Harvest Hill public golf course
[Click Picture to Enlarge]
[Click Picture to Enlarge]
[Click Picture to Enlarge]
[Click Picture to Enlarge]
[Click Picture to Enlarge]
[Click Picture to Enlarge]
[Click Picture to Enlarge]

A Farm Inspired Design

Written by Rachel Dobiesz
Imagery by Sandra Kicman

When Ross Cellino bought Harvest Hill public golf course on Transit Road in Orchard Park in October of 2012, he wanted to build a clubhouse that would fit the existing environment and give a nod to the land’s prior life as a working farm.
    “What we wanted to do was make the clubhouse feel like it was part of the original intent,” he said.
    Designed by Dr. Michael Hurdzan, the 7,010-yard hybrid course features an 18-hole course, a three-hole family course, and a practice facility.  Accompanying the bent grass fairways, bunkers and greens are plenty of natural features, including wetlands, woodlands, and an abundance of heather. It isn’t hard to imagine the working farmland that occupied the space prior to 2006, when the course first opened.
    To bring his vision to life, Cellino hired architect Charles Gordon and interior designer Carol Schaper. 
    “I knew the quality that I was going to be dealing with and what their skill level was and, frankly, I feel like both of them are exceptionally skilled artisans,” said Cellino. “I had that track record to work off of.”
    Gordon and Schaper created a clubhouse that, inside and out, reflects Harvest Hill’s farmland setting.
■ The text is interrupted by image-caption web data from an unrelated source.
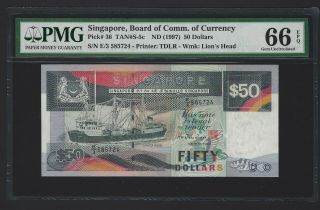 1994 Singapore $50 Dollars,  P - 36,  Pmg 66 Epq,  Gem Unc Pack Fresh,  Ship Series
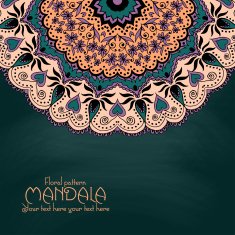 Mandala pattern design template Vintage ethnic background frame N7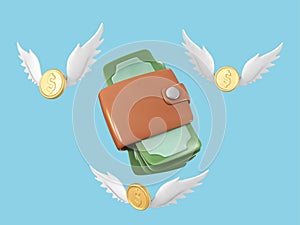 3D money wallet and coins with wings. Concept of business, online shop, finance, banking. Lost money. Money-saving concept. Vector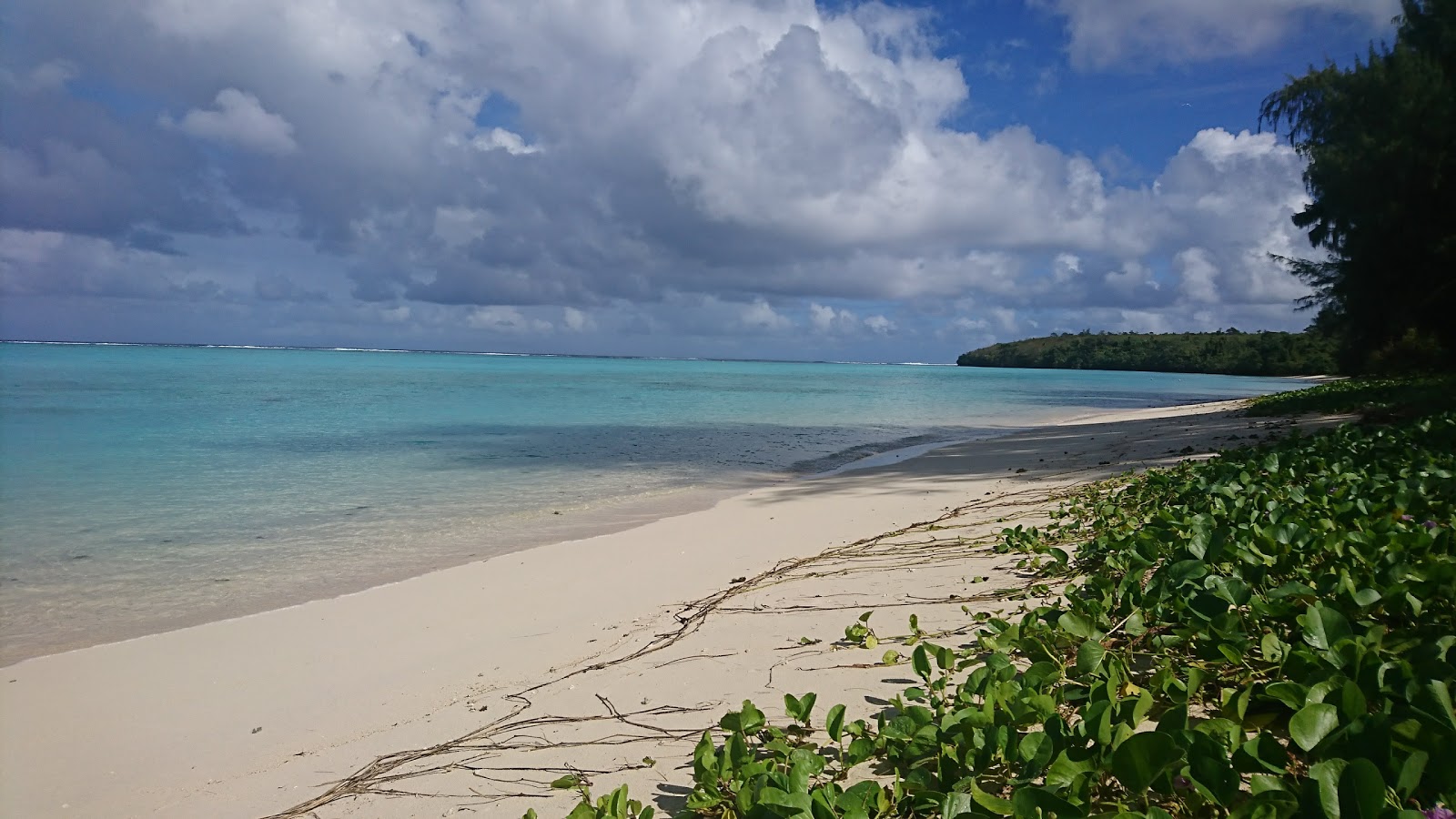 Foto de Tanapag Beach com areia brilhante superfície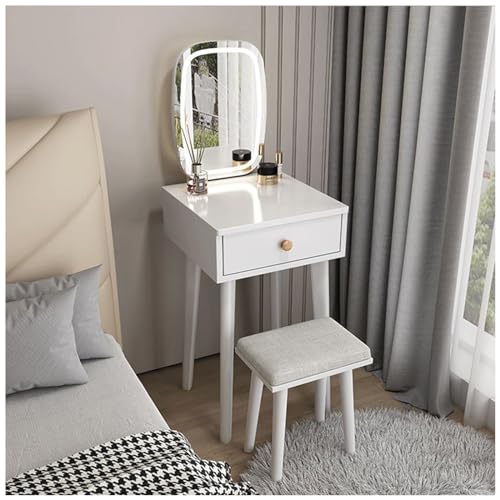 Nordic Schminktisch für kleine Räume mit LED beleuchtetem Spiegel, stabiler Polsterhocker, Schubladenaufbewahrung, elegantes Design für Schlafzimmer und Ankleidebereiche von Generisch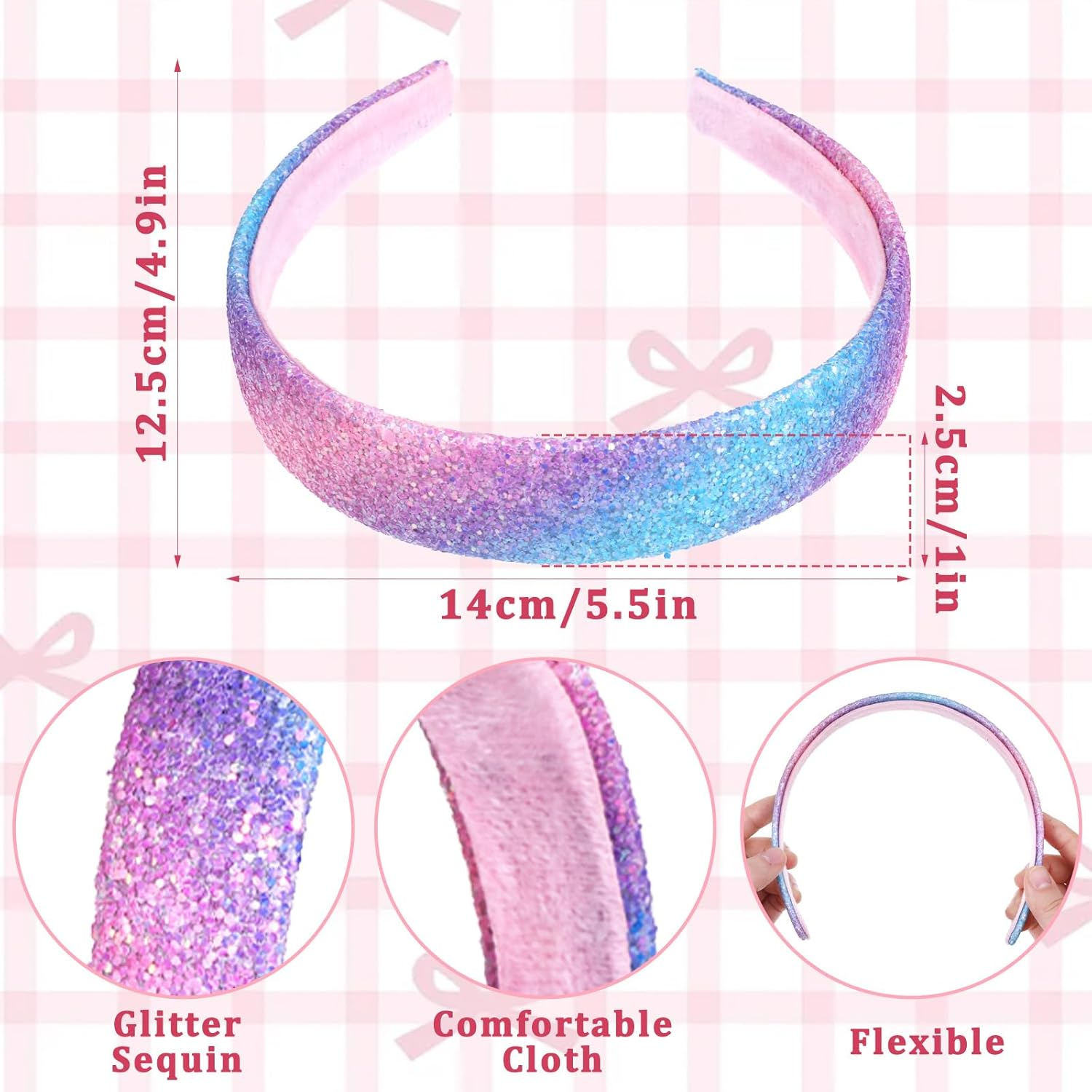 Rainbow Headbands 2 Pack Girls Sweet Hairband Glitter Rainbow Headband Cute Sparkly Bling Headbands Wide Thick Head Bands Hair Accessories Fashion Head Bands (2 Styles Tie Dye) image number 5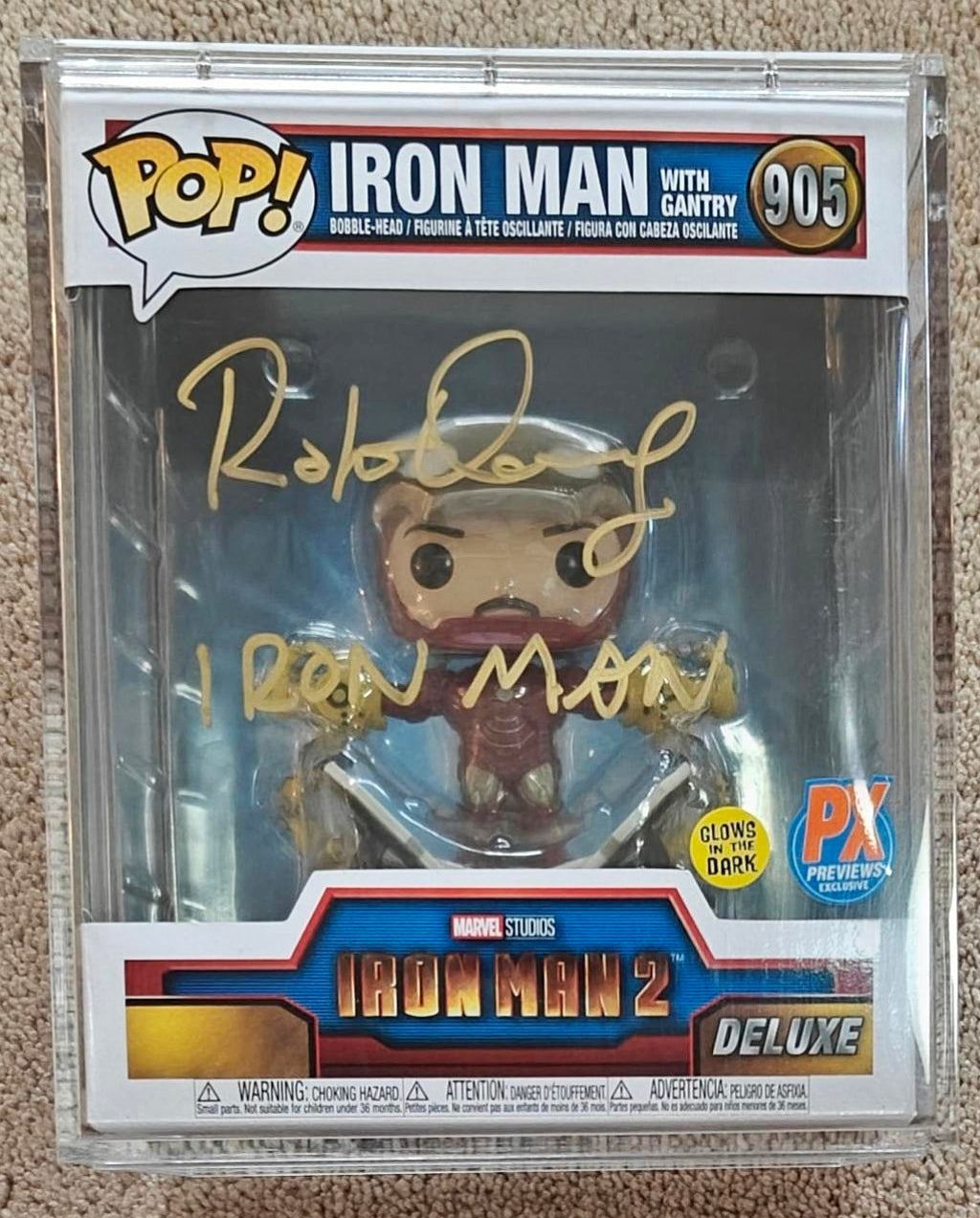 Robert Downey Jr. Signed Marvel Iron Man w. Gantry Deluxe 6in Funko Pop from Iron Man 2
The exterior of the building is formed from heavy timber and is one of four structures – a clubhouse, a tournament pavilion, and two cart barns – that flow together to frame the golf course.
    “We drew inspiration from farmhouses and farm complexes that have silos and simple barnlike structures,” said Gordon.
     The clubhouse building, which houses the Pro Shop and Rooth’s
Sky-Lite restaurant, sits on high ground close to the course. It is glazed on both sides, so that golfers can immediately see the 18th green when they enter the clubhouse.
    One of the most important aspects of the structure is the silo, which sits above the Pro Shop and houses a massive fan that is visible from the interior of the building. Although the silo is non-functioning, the feature creates a barnlike feel to the building and is a landmark for golfers coming in from the course or approaching the structure from the parking lot. An arbor between the clubhouse and pavilion frames the view of the course when golfers are approaching from the parking lot,
    “When you’re playing golf coming up on number 18, you get to look up at that silo that’s built into the clubhouse,” said Cellino. “It has a really neat look as you make your way toward the 18th hole.”
    In the spirit of self-sufficiency, solar panels sit atop both cart barn structures. Although they don’t eliminate the need for traditional electricity entirely, Cellino said that he wanted to add an eco-friendly component to the project and even considered a windmill before settling on the panels.
    For the interior of the building, Schaper, who grew up on a dairy farm, took inspiration from the farm-like setting of the course and the burnt orange, green, and yellow colors of the Harvest Hill logo.
    “The whole concept was to have it have some of the elements of the old barn,” said Schaper.
    To merge the feeling of the old structure with the modernity of a new building, Schaper used accents of wood, concrete and galvanized metal. She also put an emphasis on lighting, which is often overlooked in commercial structures. 
     “The comments I’ve gotten from people are that it’s so comfortable and it has a kind of understated elegance,” said Schaper.
    The project unfolded with dramatic speed, with only a few weeks between the start of design work in October 2012 and the approval of the building permit in November 2012.
    As with all building projects, there were many moving parts involved in the construction of the Harvest Hill compound. Conway & Company Architects created working drawings of the design, Lehigh Construction Group was the contractor on the project, Dean Gowen was the landscape architect, and Procraft Heritage Creations in Bend, Oregon designed the Pro Shop.
    Construction was underway by December of 2012, and the club was running by Memorial Day 2013.
    Cellino said that he has no plans for any other structures, but that work will still be done on beautifying the course.  The parking lot is still undergoing major changes and will feature a winding drive buffered by a boulevard of trees and other shrubbery.
    “I think my expectations have been exceeded,” he said. “Oftentimes you design something and you hope for the best and frequently it falls short. This project actually far exceeded my expectations. I think everything turned out as good, if not substantially better than what I expected.”

More Features

For years, people have filled their homes with plants — umbrella plants, African violets, all kinds of plants, big and small.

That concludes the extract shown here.